The long-awaited new urban land requisition regulation might be released by the end of December, or an updated draft version may be published to seek public opinion again, a legal expert close to the legislators said on Sunday.
Shen Kui, a law professor at Peking University, told China Daily that the long-delayed draft amendment to the existing Regulation on Demolishing Urban Housing is not "strangled in cradle" as many people have speculated.
But he admitted that the delay since a draft version was made public to solicit public opinion was unprecedented.
"However, the revision is a must before we can make any further amendment to the Land Administration Law and reform our regional finance and taxation systems," Shen said.
Shen is one of the five Peking University professors who suggested the existing urban housing demolishing regulation be revised, after the death of Sichuan native Tang Fuzhen, who set herself ablaze to protest the forced demolition of her house, last year.
The Legislative Affairs Office of the State Council published a draft amendment to the existing regulation to seek public opinion in January, but no progress has been reported since then.
Experts have expressed worries that the resistance from local governments, whose finances heavily rely on real estate development, impeded the legislative procedure.
Shen said the Legislative Affairs Office received more than 60,000 opinions about the new draft regulation.

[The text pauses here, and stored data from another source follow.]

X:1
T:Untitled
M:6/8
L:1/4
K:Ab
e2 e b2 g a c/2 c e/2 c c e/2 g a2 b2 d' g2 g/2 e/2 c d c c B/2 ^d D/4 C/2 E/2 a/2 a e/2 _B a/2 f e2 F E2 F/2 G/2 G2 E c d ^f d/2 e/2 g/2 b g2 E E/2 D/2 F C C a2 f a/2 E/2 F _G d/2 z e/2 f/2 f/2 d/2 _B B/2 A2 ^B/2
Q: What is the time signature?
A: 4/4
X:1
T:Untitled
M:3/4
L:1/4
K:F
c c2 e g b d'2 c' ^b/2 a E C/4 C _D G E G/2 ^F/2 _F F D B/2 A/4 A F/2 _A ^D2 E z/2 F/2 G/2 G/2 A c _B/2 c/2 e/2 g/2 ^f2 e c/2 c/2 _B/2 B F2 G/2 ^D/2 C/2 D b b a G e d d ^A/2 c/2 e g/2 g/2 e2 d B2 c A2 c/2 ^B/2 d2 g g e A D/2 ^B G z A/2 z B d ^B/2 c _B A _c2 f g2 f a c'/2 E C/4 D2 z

"China is huge, with different regions in different development phases," he said. "Some underdeveloped areas still need construction to propel the local economy, and local governments of those regions find it difficult to implement the amendment if it is passed."

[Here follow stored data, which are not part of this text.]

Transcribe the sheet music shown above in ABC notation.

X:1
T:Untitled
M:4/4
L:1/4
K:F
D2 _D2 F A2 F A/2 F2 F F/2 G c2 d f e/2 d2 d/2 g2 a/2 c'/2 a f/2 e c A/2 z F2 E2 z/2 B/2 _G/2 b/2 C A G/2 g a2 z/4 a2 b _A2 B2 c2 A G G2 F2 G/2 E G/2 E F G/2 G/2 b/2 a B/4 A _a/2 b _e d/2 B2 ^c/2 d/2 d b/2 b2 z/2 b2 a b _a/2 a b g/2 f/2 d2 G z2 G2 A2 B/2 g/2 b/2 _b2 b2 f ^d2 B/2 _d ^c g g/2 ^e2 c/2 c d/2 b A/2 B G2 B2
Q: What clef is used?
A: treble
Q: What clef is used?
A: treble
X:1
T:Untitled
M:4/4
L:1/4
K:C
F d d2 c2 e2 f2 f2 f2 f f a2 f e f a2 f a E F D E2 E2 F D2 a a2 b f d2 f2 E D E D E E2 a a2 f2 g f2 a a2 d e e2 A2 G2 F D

The draft amendment stipulates that houses can only be demolished to serve "public interest". Residents must be paid full compensation before they move out. Relocations can take place if and when at least 90 percent of residents agree with the compensation proposal.
The existing regulation has no such requirements. Local governments today have the authority to force relocations before compensating the owners.
"We're not against urbanization or development, which has already become an irreversible trend in the modern world, but it should be a gradual instead of leaping process, and during that process, people's rights, especially rights stipulated by law, should not be trampled on," Shen said.
Experts also said besides revising the regulation on the demolition of urban housing, legislation on confiscating rural land should also be initiated, as nowadays almost 80 percent of forced demolitions occur in rural areas.
On Oct 28, the Standing Committee of National People's Congress, China's top legislature, said the amendment to the Land Administration Law would take the acquisition of rural land into consideration.